The MP further highlighted that the national debt remains a shadow over economic growth, with interest payments consuming a staggering 18% of the revenue. He urged that the borrowing be pointed at productive infrastructure – rail, ports, and energy and exploitation of natural resources – rather than recurrent expenditure.

“While we seek to narrow the deficit to 3.3% by 2028, we must do so through productive growth, not austerity.” He also suggested taxing the economic rents of Namibia’s minerals more effectively to fund the Welwitschia Sovereign Wealth Fund.

Furthermore, in his view, while globally there’s a move toward “friend-shoring” and regional self-reliance, the SACU reforms.

The Southern African Customs Union (SACU) remains stuck in a colonial-era design.

Addressing the elephant in the room, he said, “For too long, Namibia has relied on SACU receipts as a fiscal crutch. For decades, we have treated the Southern African Customs Union (SACU) as a national ATM. Receipts have bolstered our reserves to N$51.9 billion, but this is passive wealth. 

We must move from a revenue-sharing mindset to a regional value chain strategy.” He called for a move towards Namibia not just being a transit corridor for South African goods but a manufacturing hub that processes its own lithium and rare earths before they leave the borders.

Surviving this boat, he said, also involves the reformation of the revenue-sharing formula to reward value-addition within Namibia’s borders, not just consumption.

“If we do not industrialise, we are simply subsidising the manufacturing sectors of our neighbours while our youth remain unemployed,” he argued.

Moreover, the MP has also criticised state-owned enterprises for having become a “fiscal haemorrhage”. “Our State-owned enterprises (SOEs) have become drainage pipes for the fiscus.
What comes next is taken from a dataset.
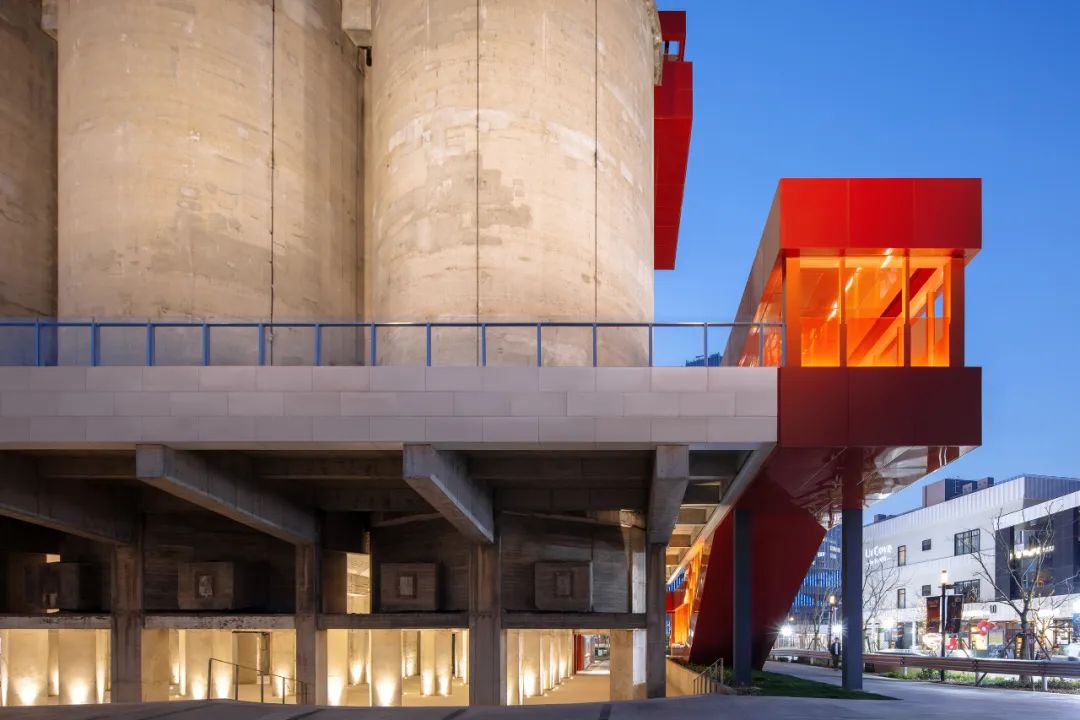 上海 GATE M 西岸梦中心地 / MVRDV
In 2026, we can no longer afford the luxury of bailing out inefficiency. The solution is not wholesale privatisation to the highest foreign bidder but rather social listing,” he said.
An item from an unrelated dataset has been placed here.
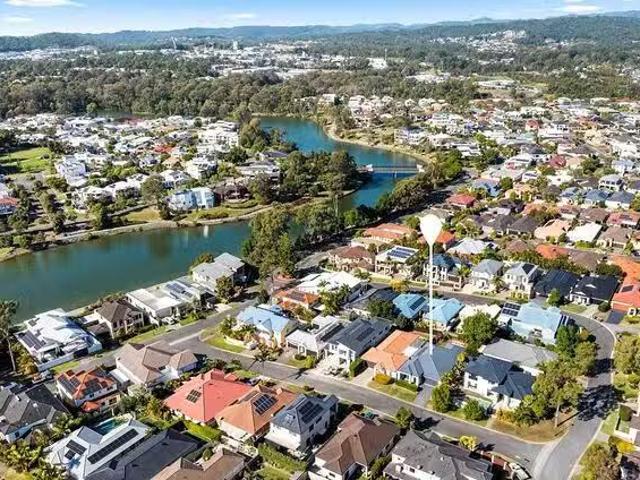 Unique 10 Mauritius Court, Varsity Lakes, QLD 4227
He wants a portion of these entities listed on the Namibia Stock Exchange (NSX), allowing ordinary Namibians and GIPF to hold them accountable. In like manner, the neighbouring South African government has also recently intensified its stance against bailing out inefficient SOEs, with Parliament halting financial bailouts and demanding improved governance while shifting financial priorities.

Moreover, Aupindi also advocated that the economy start balancing in favour of the Black majority.
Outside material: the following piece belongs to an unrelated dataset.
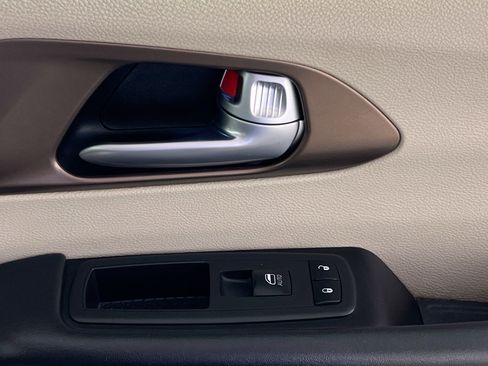 Used 2018 Chrysler Pacifica Touring-L image 32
While Black Namibians dominate the informal sector, representing up to a third of Namibia’s output, he said they remain financially excluded.

Hengari

Meanwhile, Popular Democratic Movement MP Inna Hengari noted that the suffocating weight of debt servicing now claims nearly 18% of revenue, and the wage bill consumes the fiscal space needed for capital formation and sustainable growth.

While at these, she also pointed to the secondary industries, manufacturing and construction, that she says have also weakened to 2.8%, signalling softer domestic demand and investment.

She added that only the tertiary sector, driven by wholesale, retail, and transport, offers limited resilience at 3.8%.

“The N$1.7 billion provided for civil service salary adjustments is politically unavoidable if we are to maintain morale and stability in health, education, and security. Yet this expenditure is overwhelmingly consumption-oriented. It delivers short-term relief but generates almost no multiplier effect toward future growth,” she said.

She added that with total operational spending now surpassing N$80 billion, accounting for more than 75% of the N$106.1 billion budget envelope, developmental spending, by contrast, is squeezed to the point of stagnation. The gravest threat, however, she warned, is the accelerating debt-servicing burden, “the interest cost trap”.

Public debt stands approximately at N$177.1 billion. Interest payments are forecast to reach N$16.2 billion in FY2026/27 from N$14.3 billion in the previous year.

“Public debt stands at 65.2% of GDP, with 27% held in short-term Treasury bills that must be rolled over frequently and at potentially higher rates. Recent liquidity pressures, the N$12.9 billion Eurobond maturity and the N$2 billion International Monetary Fund Rapid Financing Instrument repayment have already strained reserves and forced difficult trade-offs,” she added.